Присутствующие на процессе смогли впервые после пятилетнего заключения увидеть Дрейфуса. Английский корреспондент писал о нем: «Он выглядит стариком. Стариком в 39 лет»[219]. Корреспондент журнала «Русское богатство» дал прекрасный портрет Дрейфуса. Вот выдержки из него: «…вообще, его физиономия превращалась в поистине трагическую маску, так избороздили ее со всех сторон мельчайшие морщины, каждой из которых, может быть, соответствовала одна из мучительных 1800 ночей, проведенных жертвой на Чертовом острове. Меня глубоко также поразил голос Дрейфуса – ясный, отчетливый, но лишенный всякого тембра, вибрации которого только и придают индивидуальный характер нашему голосу. Когда подсудимый поднимался со своей скамьи и начинал говорить, я первое время оглядывал весь зал, ища того, от кого шли эти слова.
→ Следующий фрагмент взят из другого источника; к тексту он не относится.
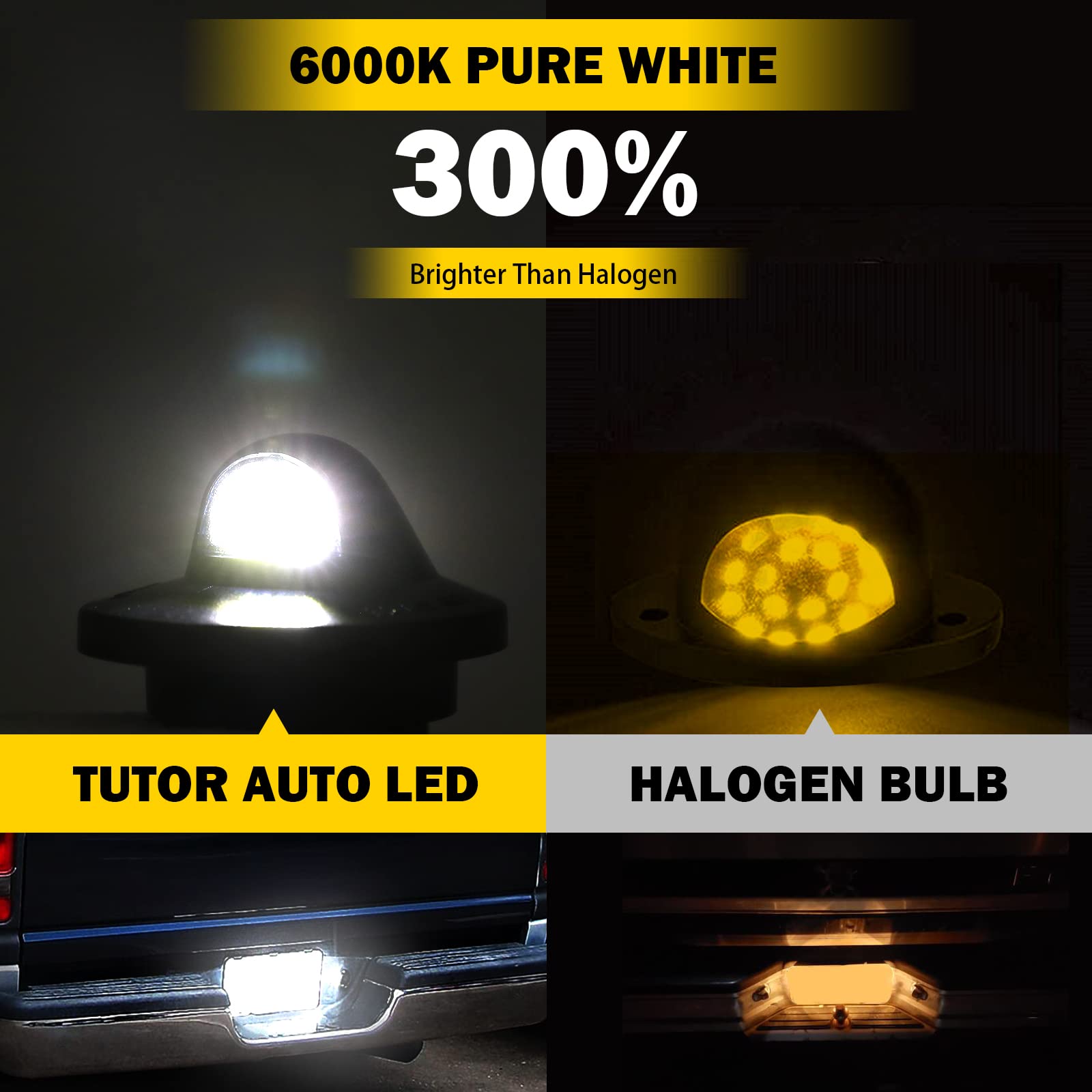 Led License Plate Light Tag Lights Assembly Compatible With Ford F150 F250 F350 F450 F550 Superduty Ranger Explorer Bronco Excur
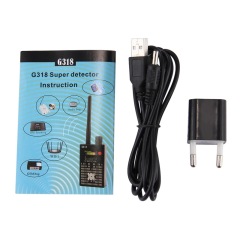 G318 RF Professional Digital Super Signal Bug Detector Anti-Spy Camera Anti-Eavesdropping/Tracker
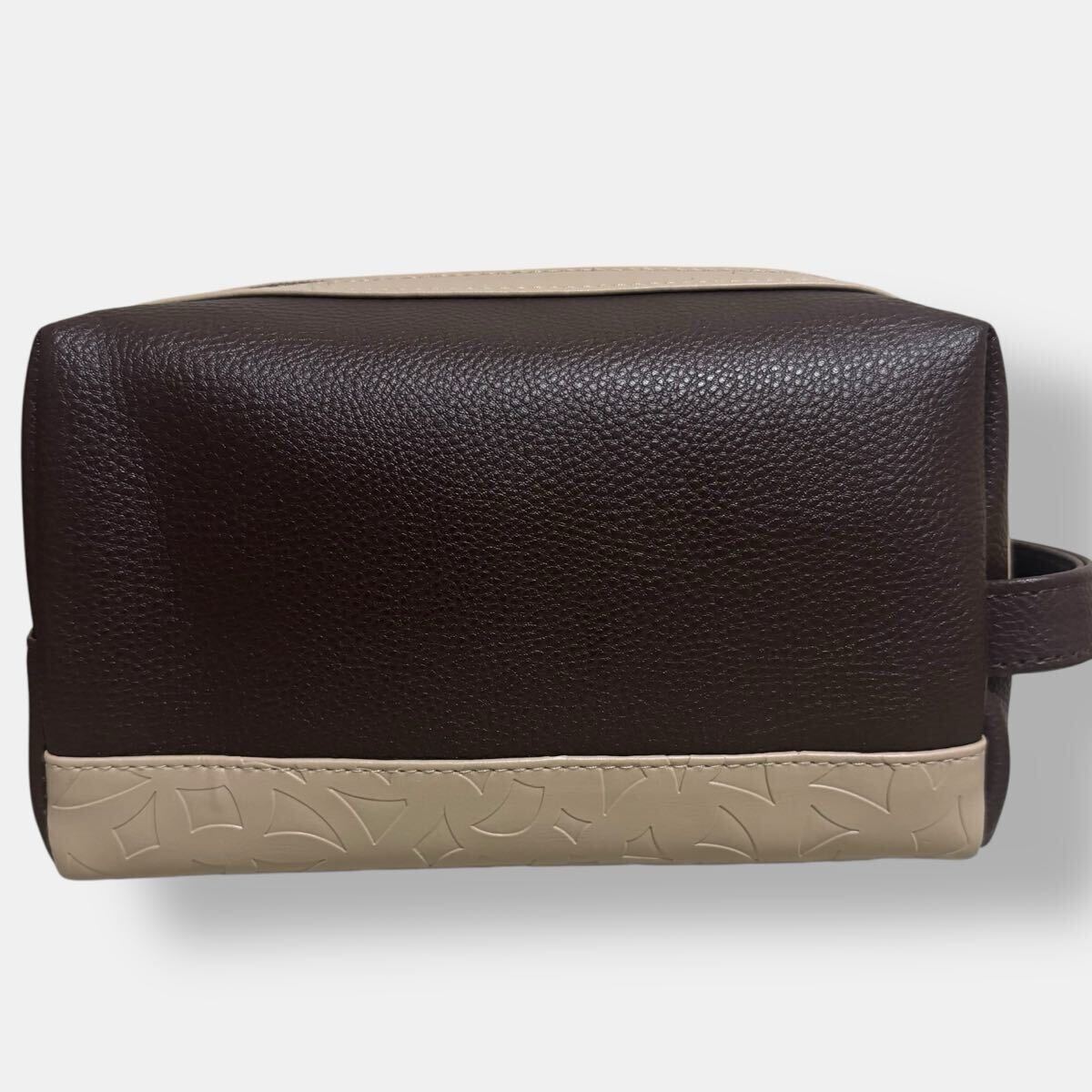 1円~ 新品未使用 希少 BVLGARI ブルガリ セカンドバッグ クラッチバック ポーチ ハンド サークルロゴ ビジネス メンズ 通勤 持ち手 旅行_画像3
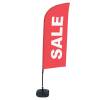 Bandera Aluminio Vela Kit Completo Oferta Rojo Inglés - 2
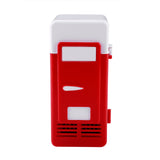 LED Mini USB Refrigerator USB Refrigerator Drinks Beverage Cans Refrigerator and Heater Red V1294-YM0722-JY05497-01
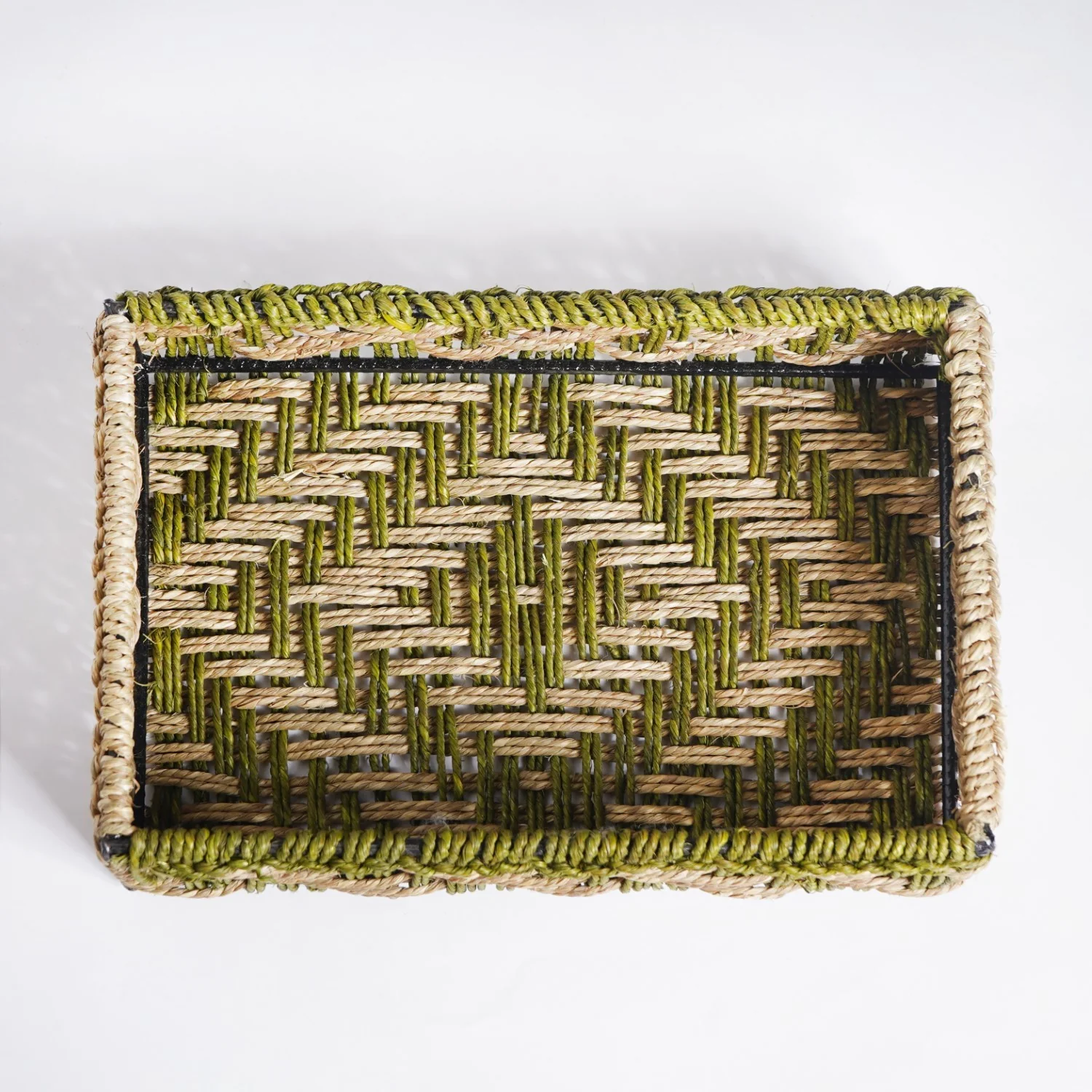 Organic Sabai Storage Organisers Set Of 2 Green - Image 8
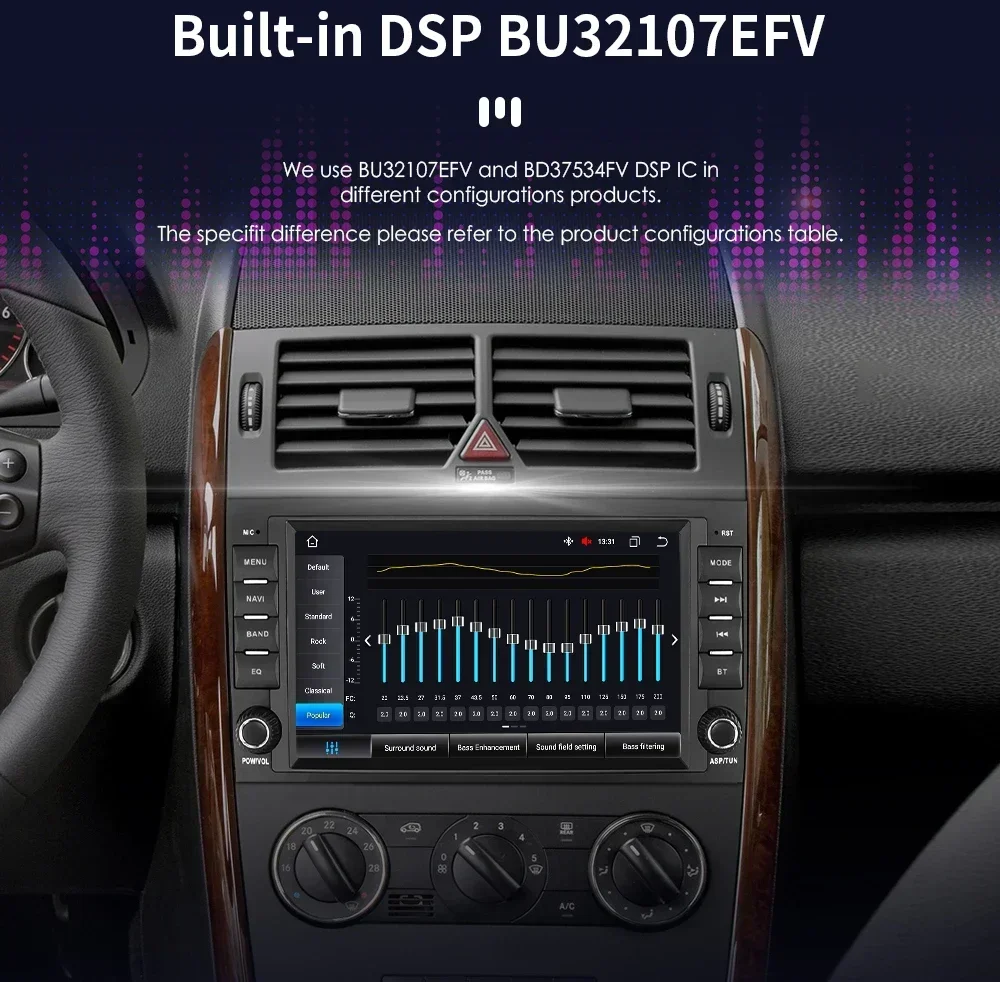 Hodozzy 4G+64G Autoradio Für Mercedes-Benz B200 B-Klasse B160 B170 B180 W169 W245 W639 W906 Vito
Я не знаю, влияние ли это пятилетнего молчания, но Дрейфус говорит точно чревовещатель, и его голос, безличный, автоматический, как и все его движения, доходящие до вас точно с другого света, среди наполненной электричеством залы. Его речь произвела на меня поразительное впечатление. Может быть, то была галлюцинация напряженных нервов; но этот лишенный индивидуальности голос леденил мне кровь своим безличным характером. Он, казалось, был коллективным голосом всей несчастной, преследуемой расы, массовым ответом еврейства на многовековые притеснения; этот французский капитан конца 19-го столетия как бы служил лишь механическим словесным аппаратом для выражения жалоб прошлых, настоящих и будущих жертв постыдного антисемитизма»[220].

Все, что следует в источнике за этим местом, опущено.